Analysis of long-distance vacation travel demand in the United States: a multiple discrete–continuous choice framework

  • Caleb Van Nostrand
  • Vijayaraghavan Sivaraman
  • Abdul Rawoof PinjariEmail author
Article

Abstract

This study analyzes the annual vacation destination choices and related time allocation patterns of American households. More specifically, an annual vacation destination choice and time allocation model is formulated to simultaneously predict the different vacation destinations that a household visits in a year, and the time (no. of days) it allocates to each of the visited destinations. The model takes the form of a multiple discrete–continuous extreme value (MDCEV) structure. Further, a variant of the MDCEV model is proposed to reduce the prediction of unrealistically small amounts of vacation time allocation to the chosen destinations. To do so, the continuously non-linear utility functional form in the MDCEV framework is replaced with a combination of a linear and non-linear form. The empirical analysis was performed using the 1995 American Travel Survey data, with the United States divided into 210 alternative destinations. The model estimation results provide several insights into the determinants of households’ vacation destination choice and time allocation patterns. Results suggest that travel times and travel costs to the destinations, and lodging costs, leisure activity opportunities (measured by employment in the leisure industry), length of coastline, and weather conditions at the destinations influence households’ destination choices for vacations.

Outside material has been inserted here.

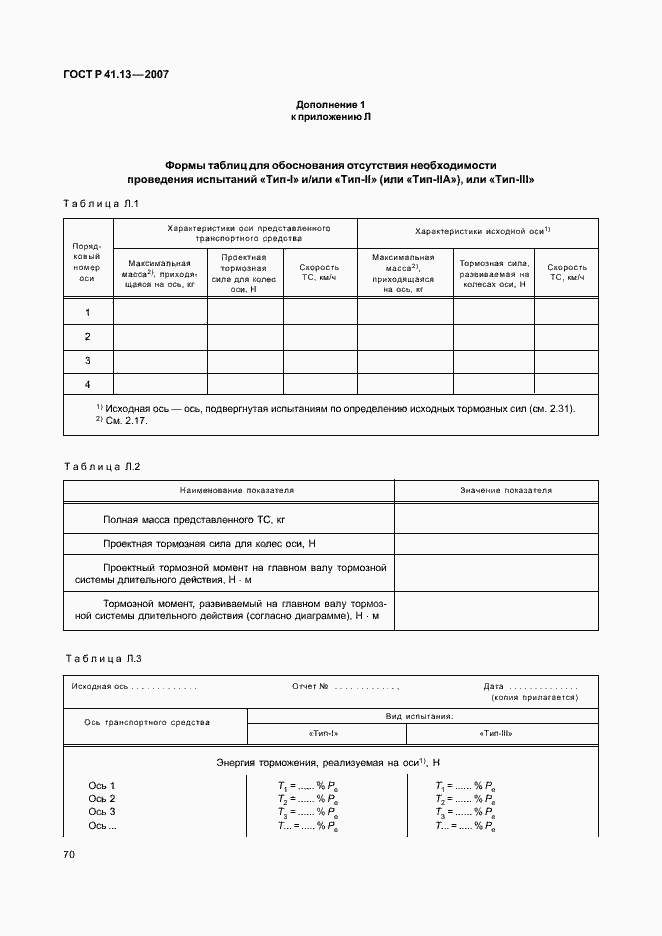 Страница 74 ГОСТ Р 41.13-2007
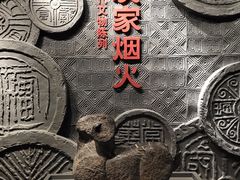 -徐州博物馆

The annual vacation destination choice model developed in this study can be incorporated into a larger national travel modeling framework for predicting the national-level, origin–destination flows for vacation travel.

Keywords

Long-distance travel Leisure travel demand National travel demand model Destination choice Kuhn-Tucker demand model systems Multiple discreteness 

Notes

Acknowledgments

The authors would like to thank three anonymous reviewers and the US Co-Editor David T. Hartgen for valuable comments on an earlier version of the paper. Jeff Hood raised (at a conference) thought provoking questions related to overprediction of very short time allocations.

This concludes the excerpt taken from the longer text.